• _Aim of the task_: Every line from the one with "ZARA НЕЙЛОНОВАЯ КУРТКА ИЗ ПОЛАРФЛИСА, ЭКРЮ" up to and including the one with "LA GARE DE CHAMBRETAUD" is to be output exactly as it appears below; pictures are not.
---------- Data to process ----------
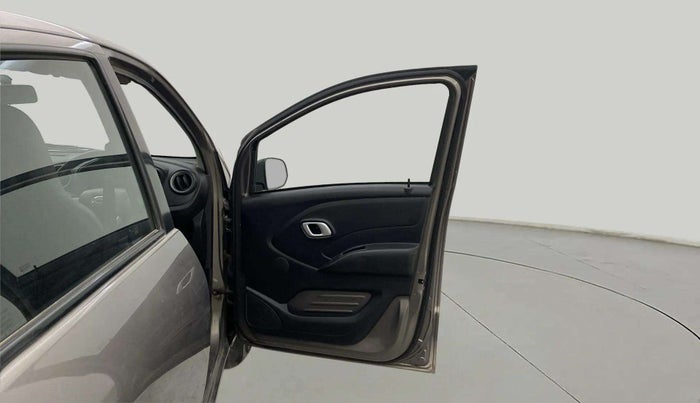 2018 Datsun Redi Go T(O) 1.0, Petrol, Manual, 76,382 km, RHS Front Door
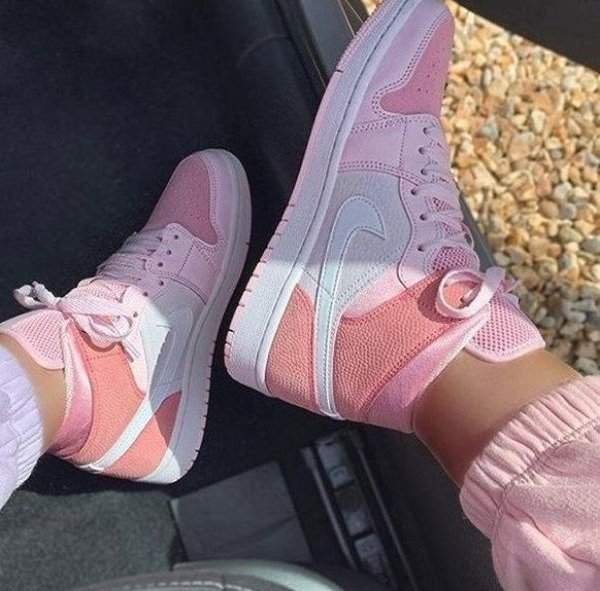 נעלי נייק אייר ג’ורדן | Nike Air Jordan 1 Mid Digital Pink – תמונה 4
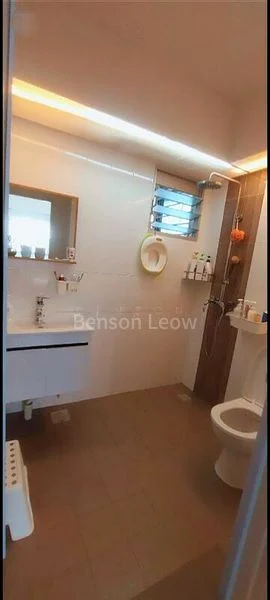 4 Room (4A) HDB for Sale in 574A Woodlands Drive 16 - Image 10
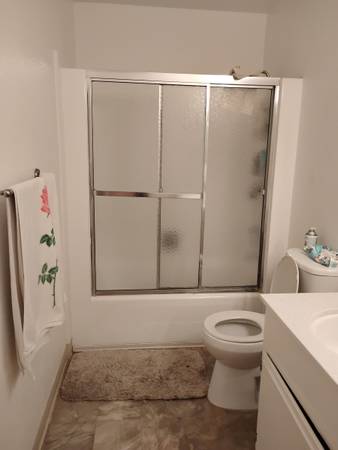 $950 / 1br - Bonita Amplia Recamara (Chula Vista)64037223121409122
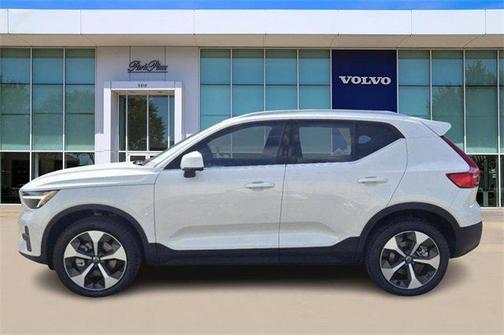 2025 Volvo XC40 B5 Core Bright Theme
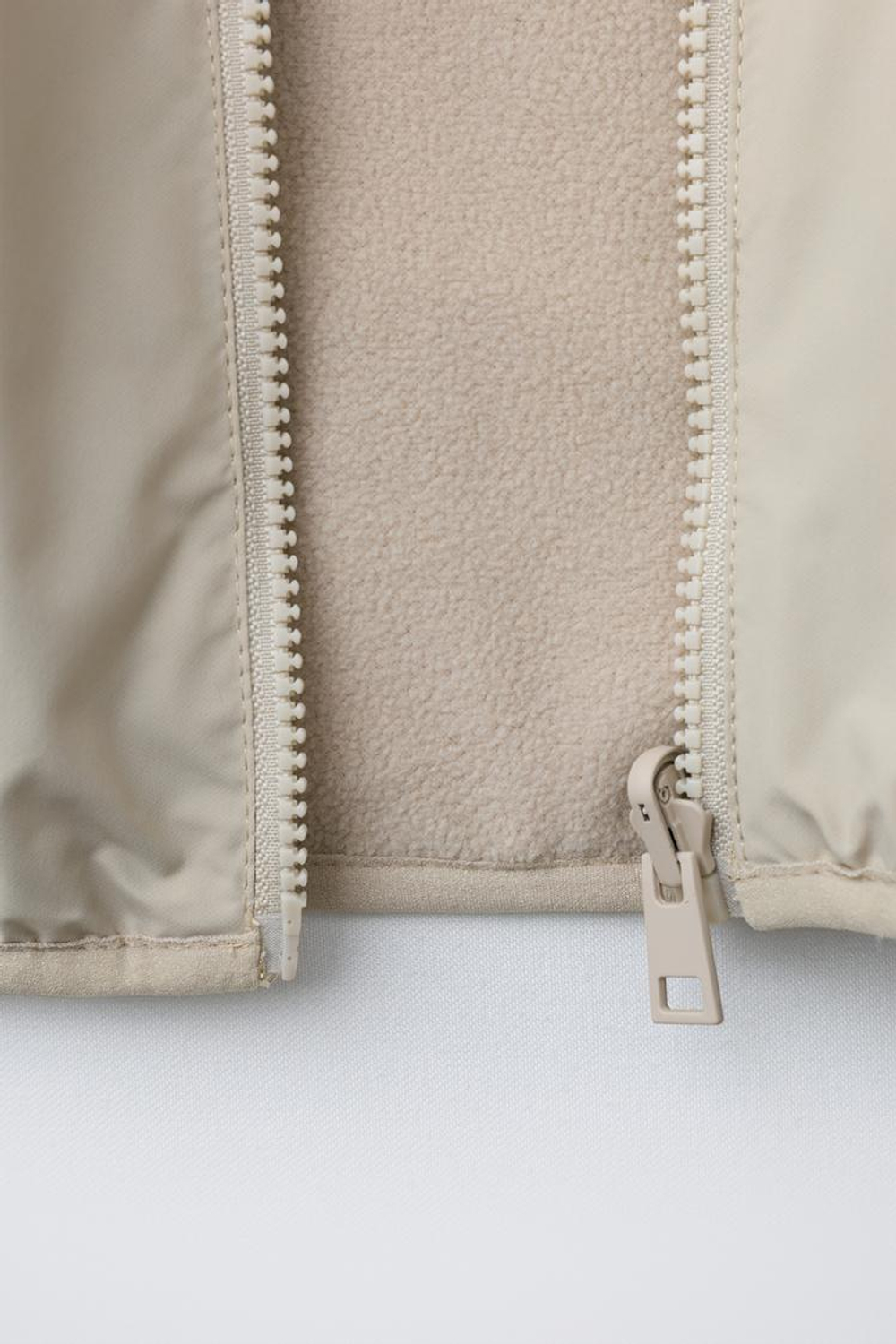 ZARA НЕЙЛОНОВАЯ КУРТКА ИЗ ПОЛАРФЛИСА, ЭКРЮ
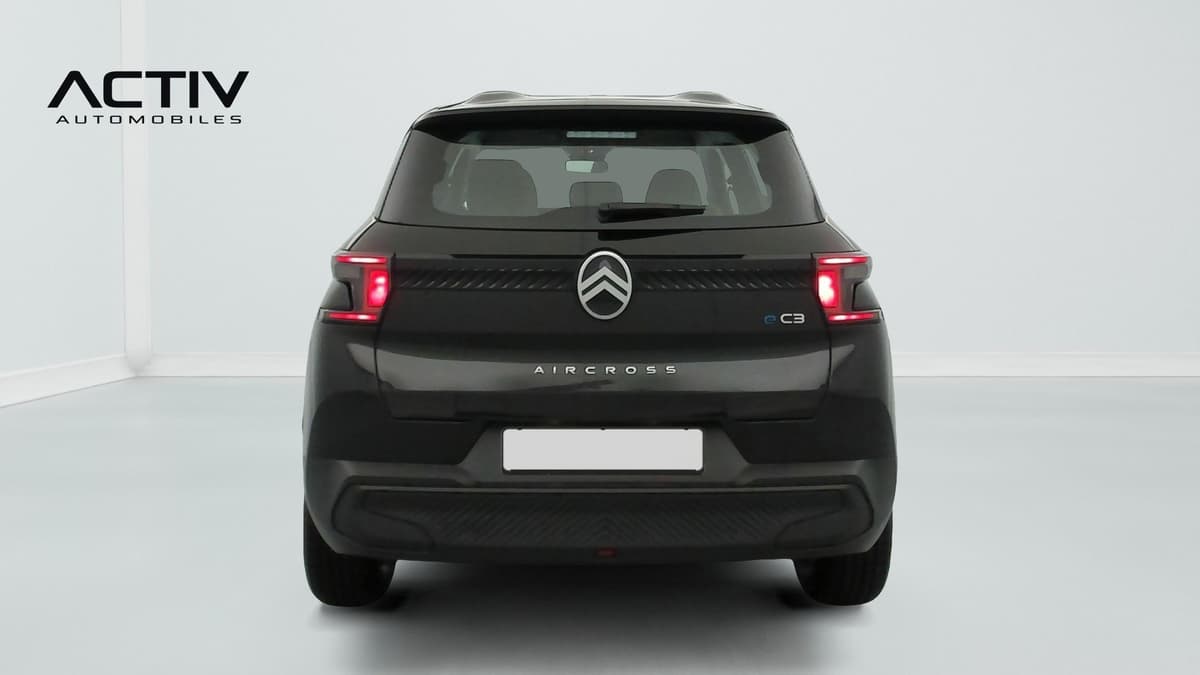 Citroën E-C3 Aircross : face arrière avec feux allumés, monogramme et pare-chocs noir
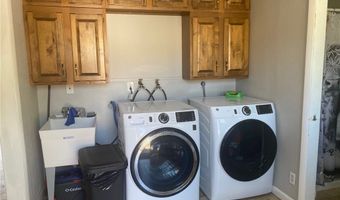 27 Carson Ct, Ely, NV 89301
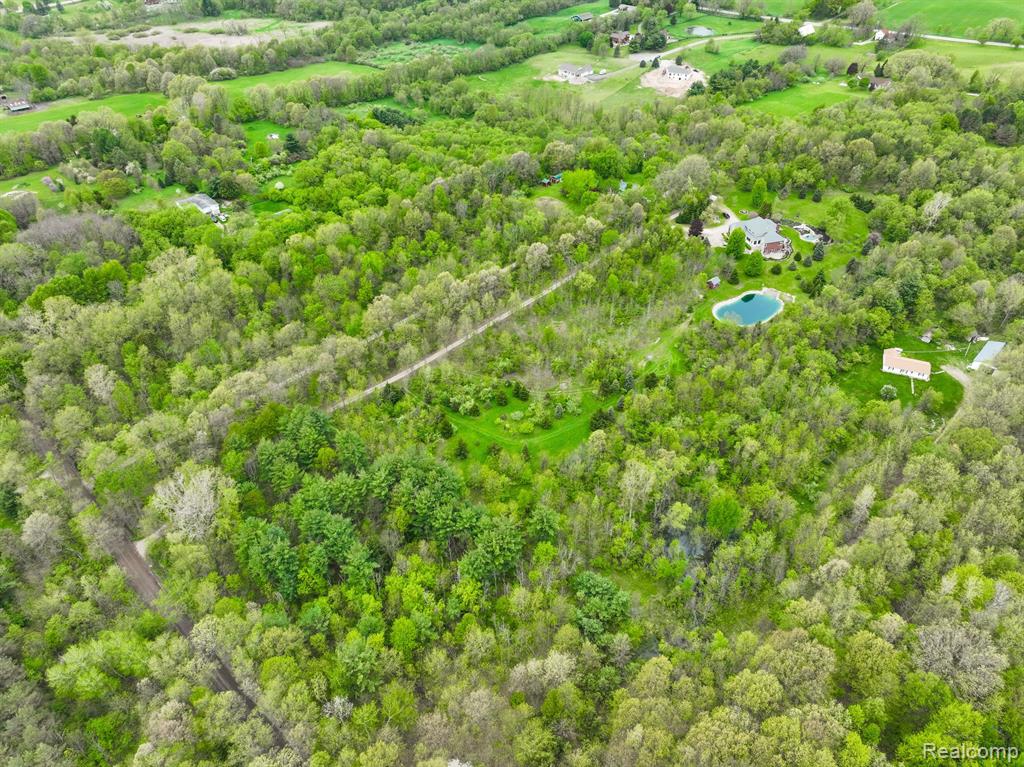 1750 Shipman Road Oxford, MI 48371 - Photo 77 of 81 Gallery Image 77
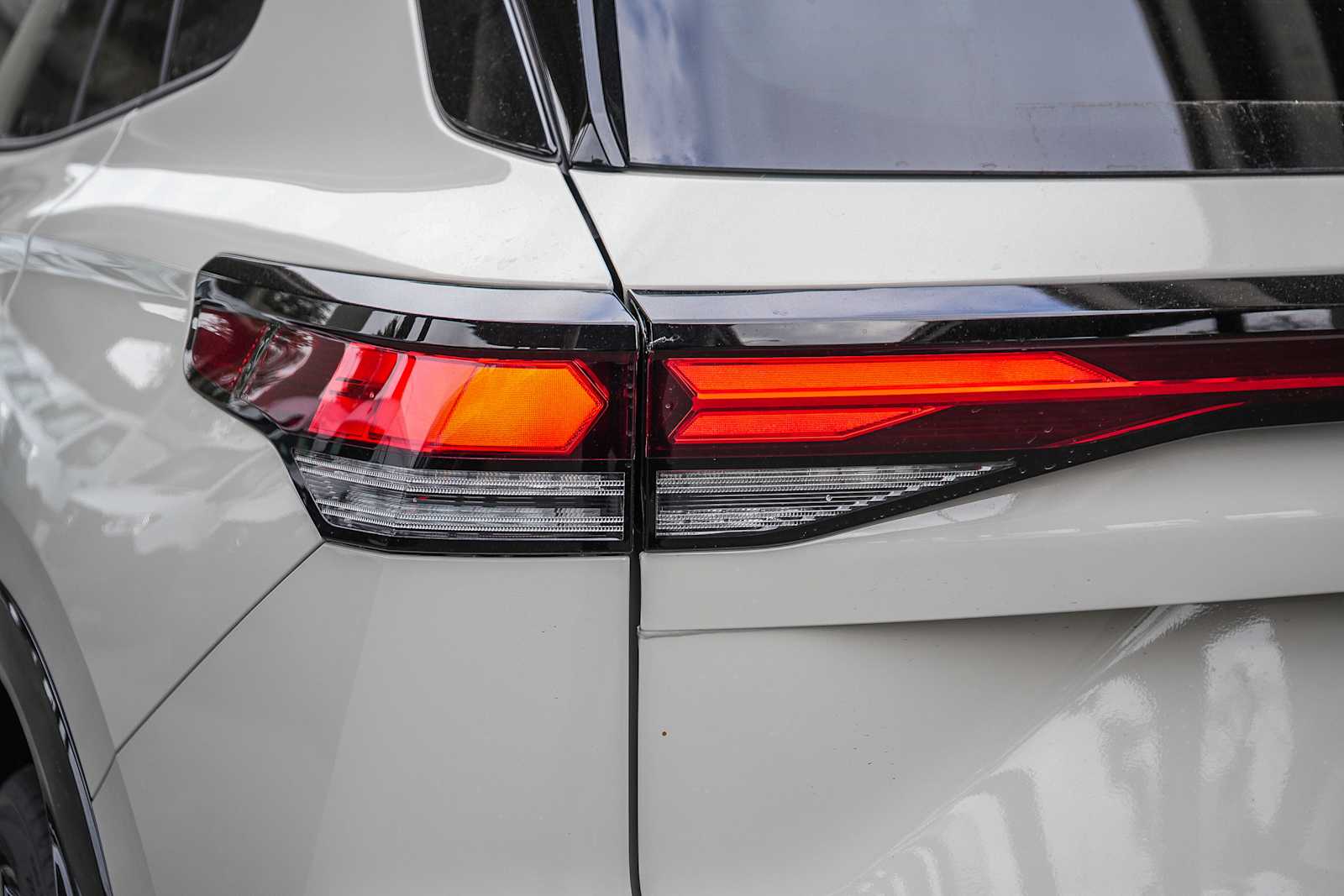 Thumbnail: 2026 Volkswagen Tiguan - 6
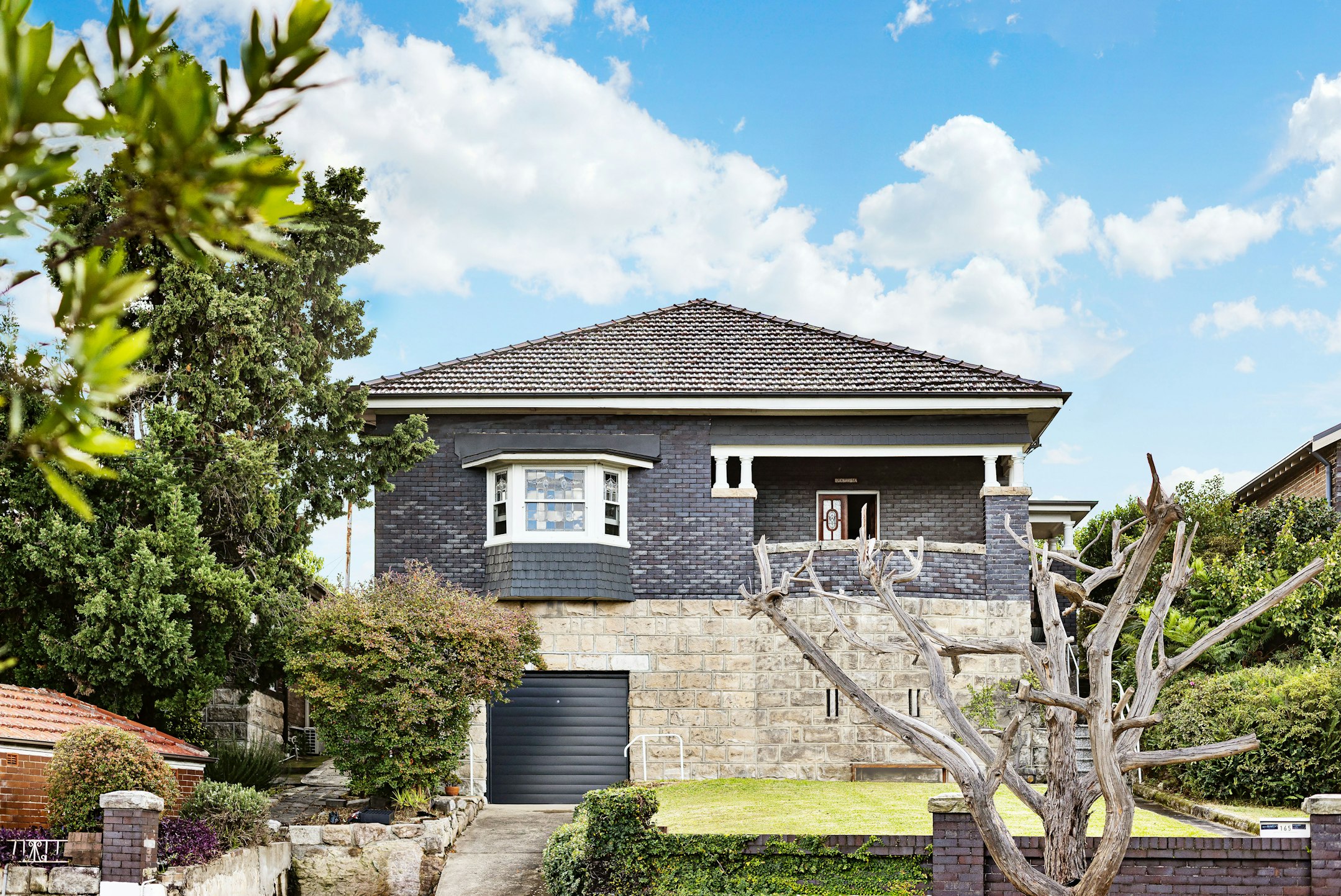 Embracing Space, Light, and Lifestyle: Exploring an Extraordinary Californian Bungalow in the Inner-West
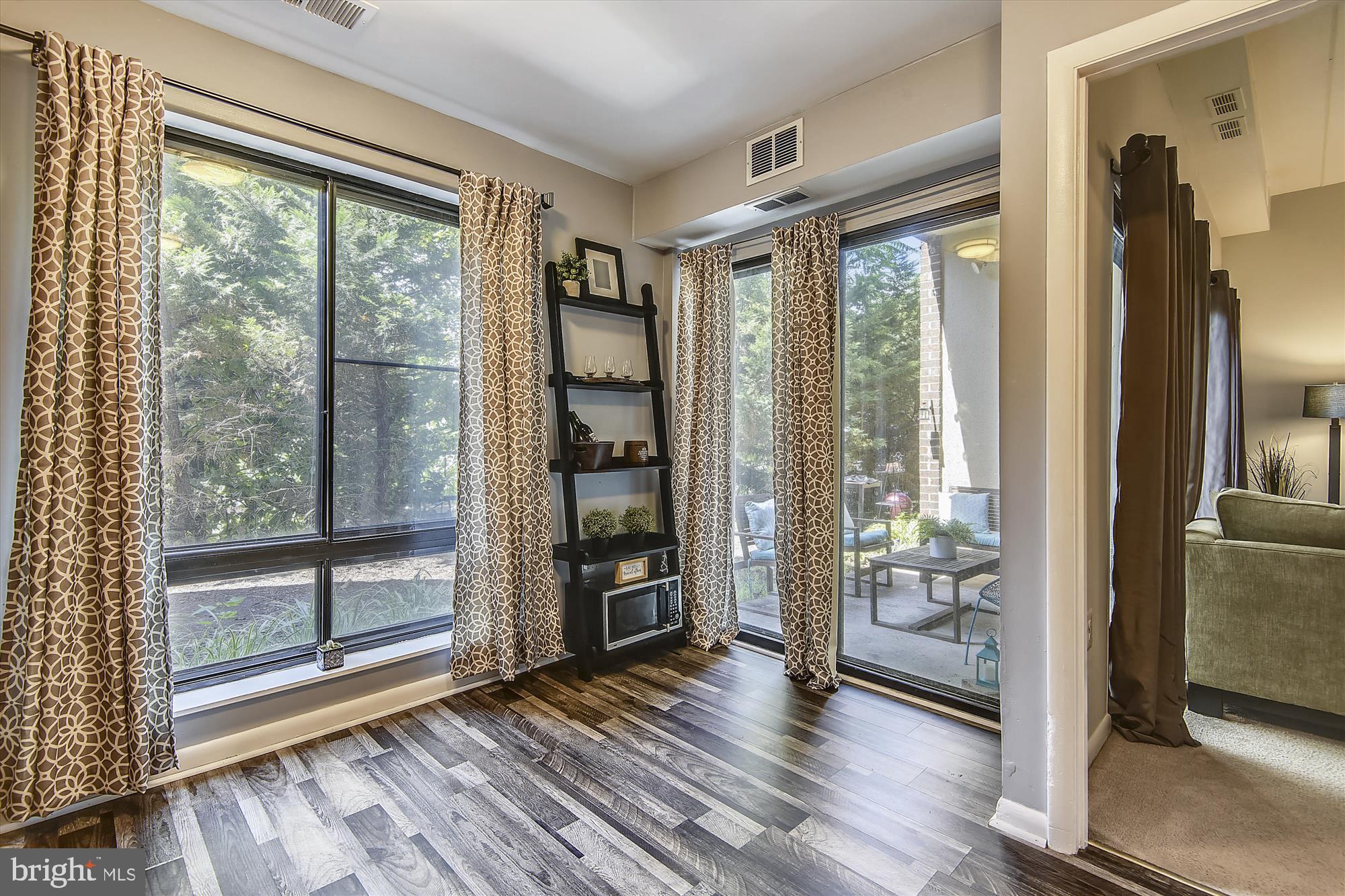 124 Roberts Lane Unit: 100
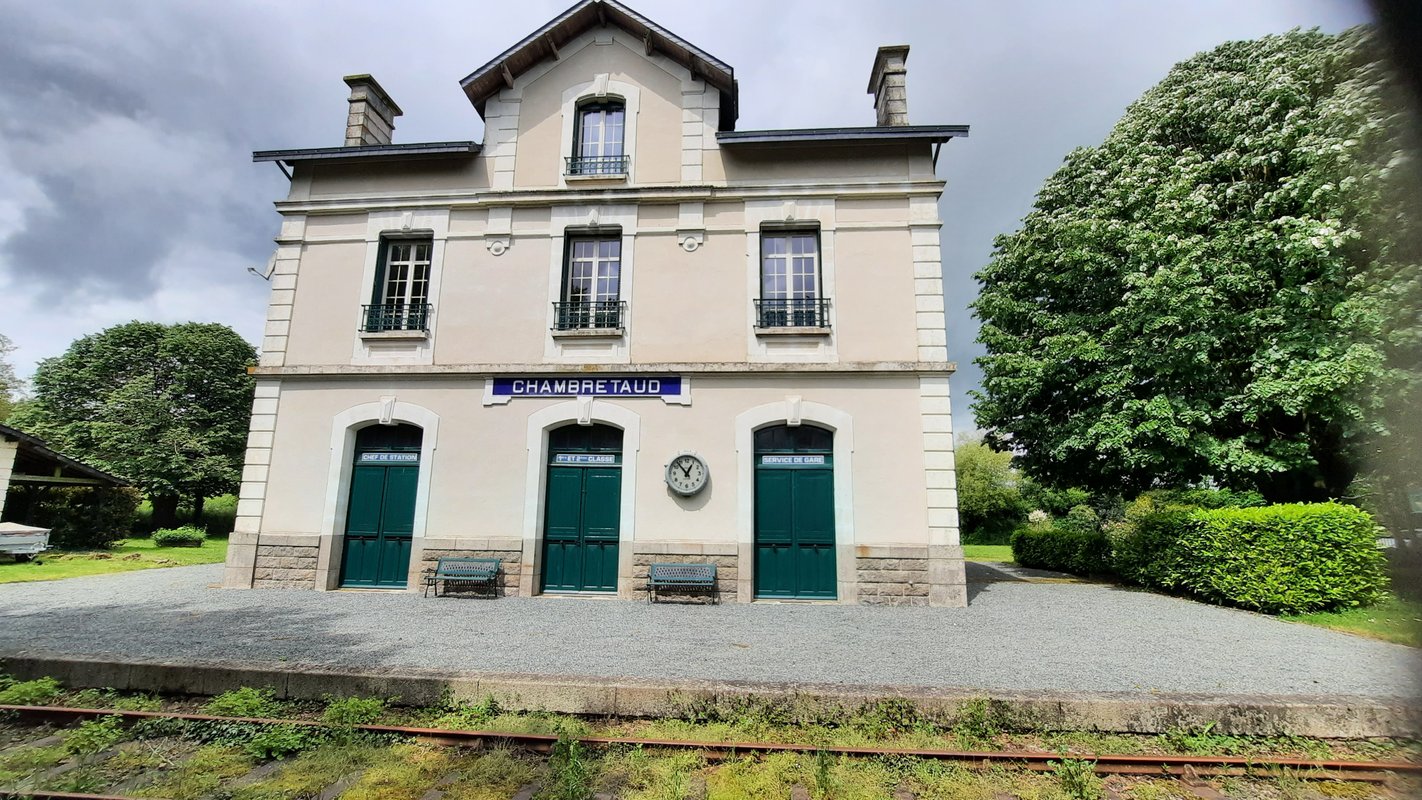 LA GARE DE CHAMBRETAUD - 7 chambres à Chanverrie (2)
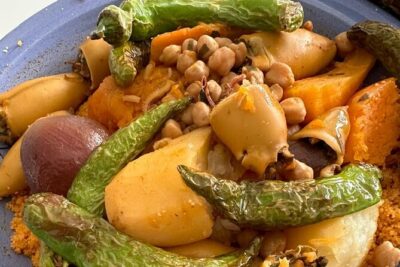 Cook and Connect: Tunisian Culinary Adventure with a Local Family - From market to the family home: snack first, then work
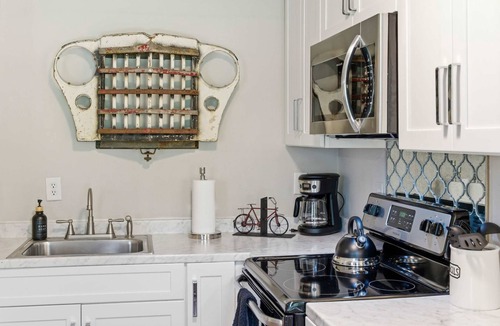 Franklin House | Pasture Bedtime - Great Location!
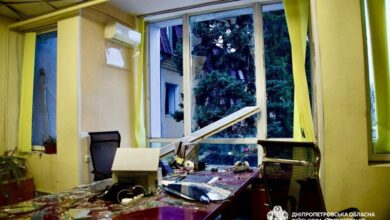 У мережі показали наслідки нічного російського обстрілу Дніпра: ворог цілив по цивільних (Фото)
----------
• _Exercise response_:
 ZARA НЕЙЛОНОВАЯ КУРТКА ИЗ ПОЛАРФЛИСА, ЭКРЮ
 Citroën E-C3 Aircross : face arrière avec feux allumés, monogramme et pare-chocs noir
 27 Carson Ct, Ely, NV 89301
 1750 Shipman Road Oxford, MI 48371 - Photo 77 of 81 Gallery Image 77
 Thumbnail: 2026 Volkswagen Tiguan - 6
 Embracing Space, Light, and Lifestyle: Exploring an Extraordinary Californian Bungalow in the Inner-West
 124 Roberts Lane Unit: 100
 LA GARE DE CHAMBRETAUD - 7 chambres à Chanverrie (2)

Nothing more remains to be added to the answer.